Friday, December 27, 2013

HSF Challenge #26: Celebrate!

Celebrate! the Christmas season, what you've learned this year, or simply having survived the Historical Sew Fortnightly 2013.

We were very generously given tickets to the American Women's Club of Amsterdam's winter gala, but there were still two things holding us back.  I didn't have a dress, and Dan didn't have a suit.  Thanks to an early Christmas present from my parents, Dan got a very spiffy suit, so I just needed a dress.  This summer I bought some very festive fabric, intending to someday transform it into a Regency gown.  The time had come!  I was on quite a deadline, but managed to get almost everything done in time (I still have to bind the sleeve seam (but that's inside so nobody sees that), and I may go back and add buttons someday).  The gown turned out perfectly, but I do have the new goal of figuring out Regency hair styles, as mine wasn't, well, right.  I probably could have used some jewelry too.

The Challenge: Celebrate!

Fabric: This summer I discovered my new favorite fabric store in Chicago- Fishman's!  It's not a large store, but had a ton of natural fiber selections, silks in particular.  And they had a dusty shelf along the back wall with $5 per yard striped silks.  Beautiful, light weight, and crispy.  Most of the fabric was a bit garish, or larger plaid patterns suited to the later Victorian era, but there was a gold, maroon, and blue narrow striped fabric that was perfect for regency.  It's not my usual color choice, gold doesn't really suit me, but for $5 per yard I couldn't pass it up.  So I bought all that was left, I think almost 5 yards.  My accent fabric was a gunmetal silk shantung.  I went looking to bring out the blue stripe, but the gunmetal, much to my surprise, went beautifully.
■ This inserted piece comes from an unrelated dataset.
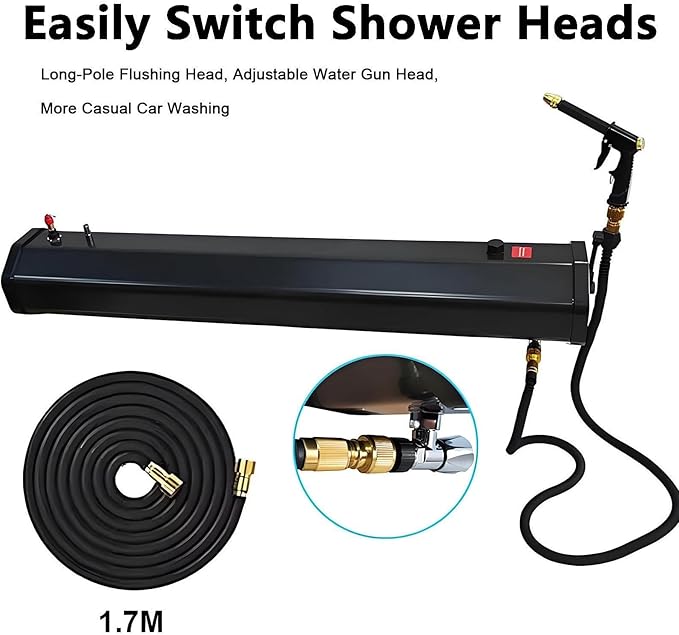 Portable Camping Shower, Roof-Mounted Solar Heating Pressurized Water Tank, Camping Shower Water Storage for Hiking, Car Wash, Beach Vacation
Pattern: Skirt was from La Mode Bagatelle, bodice and sleeves were my own creations, based several incarnations ago on the Bagatelle pattern.

Year: I was going for 1817-1818.

Notions: Hooks and eyes for the back closure; I would have preferred buttons but ran out of time.

How historically accurate is it? I hate this question.  I think I'm going to follow Festive Attyre and quit answering it.

Hours to complete: Not too many by my standards, the bodice only needed one mock-up, and I remembered a lot of my should-have-done's from my regency wedding dress, but the oversleeves took a while to get right.  Maybe only 20?

First worn: The American Women's Club winter gala.  I got a lot of compliments on the dress, and looked very regal next to all the modern dresses.

Total cost: $25 for the gold silk (still have a yard left over), $30 (full cost) for 1 meter of the grey (enough left to cover shoes or make a bag). So $55.

After a long night of dancing (thus the wrinkles)

My lovely piping job!

I got this shawl in Cologne Germany for $20.
100% Yak wool from Tibet.  And it's much
softer than it sounds!

And one of Dan in his dapper new suit.


  1. Oh!!! It's absolutely gorgeous! I loooove the stripes, and the colors are wonderful together.

  2. Love the cap sleeves--hadn't really looked closely at the detail before.

  3. Your neckline detail really adds a lot to the dress! Will have to remember that for future dress adventures.

    I saw this on the Historical Sew Fortnightly wall, and didn't previously notice the little tonal stripe in the gold fabric. It is beautiful! Such pretty details.